Wrong Turn 5: Bloodlines Blu-ray Movie, Audio Quality  3.5 of 5

It's not going to rattle your walls, quake your bowels, or test the limits of your home theater system, but the movie's lossless DTS-HD Master Audio 5.1 surround track get the job done. The cringe-worthy dialogue is cleanly recorded and easily understood, and although the mix is decidedly front-heavy, you will notice occasional instances of rear-channel ambience and direction effects. Insect sounds. Crackling fire. A cackling hillbilly laugh moving through the space behind your head. You get the idea. It's all backed up by a dull but decent-sounding score comprised alternately of minor-key piano arpeggios and nondescript overdriven guitar riffing. The disc includes optional English SDH, Spanish, and French subtitles, which appear in easy-to-read white lettering.

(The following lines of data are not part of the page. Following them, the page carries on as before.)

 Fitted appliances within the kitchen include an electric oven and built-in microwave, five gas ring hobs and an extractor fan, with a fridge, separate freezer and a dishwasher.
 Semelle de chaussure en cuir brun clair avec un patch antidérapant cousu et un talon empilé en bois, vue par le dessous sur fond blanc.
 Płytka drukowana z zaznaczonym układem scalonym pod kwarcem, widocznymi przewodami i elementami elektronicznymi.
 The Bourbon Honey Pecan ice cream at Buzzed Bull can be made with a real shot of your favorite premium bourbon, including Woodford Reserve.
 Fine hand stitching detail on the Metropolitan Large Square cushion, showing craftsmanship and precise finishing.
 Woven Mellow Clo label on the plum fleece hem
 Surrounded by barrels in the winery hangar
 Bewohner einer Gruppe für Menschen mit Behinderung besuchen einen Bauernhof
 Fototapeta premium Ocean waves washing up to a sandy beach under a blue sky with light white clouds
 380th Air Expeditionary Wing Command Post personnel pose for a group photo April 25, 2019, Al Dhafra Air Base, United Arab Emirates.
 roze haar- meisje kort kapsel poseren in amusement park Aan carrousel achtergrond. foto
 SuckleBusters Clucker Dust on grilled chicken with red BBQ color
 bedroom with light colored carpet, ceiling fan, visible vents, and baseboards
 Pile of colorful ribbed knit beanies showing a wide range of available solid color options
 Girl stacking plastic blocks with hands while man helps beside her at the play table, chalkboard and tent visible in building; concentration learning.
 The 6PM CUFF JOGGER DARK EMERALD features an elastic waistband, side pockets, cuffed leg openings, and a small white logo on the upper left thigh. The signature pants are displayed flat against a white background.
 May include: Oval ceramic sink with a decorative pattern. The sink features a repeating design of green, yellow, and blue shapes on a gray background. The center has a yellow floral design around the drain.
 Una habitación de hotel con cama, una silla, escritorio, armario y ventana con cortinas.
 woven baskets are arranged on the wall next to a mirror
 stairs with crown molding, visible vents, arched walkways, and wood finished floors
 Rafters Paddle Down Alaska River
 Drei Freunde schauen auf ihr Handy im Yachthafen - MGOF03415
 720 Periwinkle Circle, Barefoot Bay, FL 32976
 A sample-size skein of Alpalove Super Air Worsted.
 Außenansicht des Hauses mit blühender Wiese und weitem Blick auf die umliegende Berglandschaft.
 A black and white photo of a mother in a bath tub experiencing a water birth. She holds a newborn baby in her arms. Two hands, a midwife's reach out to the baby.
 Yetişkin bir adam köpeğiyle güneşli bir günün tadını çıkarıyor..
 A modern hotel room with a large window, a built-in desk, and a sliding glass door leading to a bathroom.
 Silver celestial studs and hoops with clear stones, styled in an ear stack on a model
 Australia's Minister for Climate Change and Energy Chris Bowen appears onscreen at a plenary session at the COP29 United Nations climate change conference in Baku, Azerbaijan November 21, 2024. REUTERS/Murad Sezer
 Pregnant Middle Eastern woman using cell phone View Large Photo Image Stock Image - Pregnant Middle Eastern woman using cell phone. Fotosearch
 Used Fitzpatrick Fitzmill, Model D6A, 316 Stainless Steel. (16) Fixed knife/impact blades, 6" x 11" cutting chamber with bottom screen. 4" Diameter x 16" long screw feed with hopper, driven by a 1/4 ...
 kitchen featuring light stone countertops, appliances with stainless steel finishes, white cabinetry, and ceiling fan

Wrong Turn 5: Bloodlines Blu-ray Movie, Special Features and Extras  2.0 of 5

  • Audio Commentary by Declan O'Brien: The director and the film's behind-the-scene producer enthusiastically discuss the making of the movie, but do you really want to give these people another hour and a half of your life?
  • A Day in the Death (HD, 5:28): Some video diary-type BTS footage shot by the film's cast.
  • Hillbilly Kills (HD, 6:44): The film's director and producer discuss the kills, some of which were apparently inspired by Peter Jackson's Dead Alive. Coulda fooled me.
  • Director's Die-aries (HD, 8:29): Hardy har har. More behind the scenes footage, shot by the director.


Wrong Turn 5: Bloodlines Blu-ray Movie, Overall Score and Recommendation  1.0 of 5

Friends don't let friends waste their time on miserable straight-to-video horror sequel cash-ins. Wrong Turn 5 isn't just the worst film in a franchise that probably shouldn't have inspired any followups, it's also on the short list for the worst film I've personally seen in 2012. This is a movie that actively doesn't want you to enjoy it, and I'm at a loss as for why this series continues to stumble zombie-like forward. If I were Fox, I'd let it finally die or else reboot it with a decent budget and a director with a better vision for Appalachian hillbilly terror.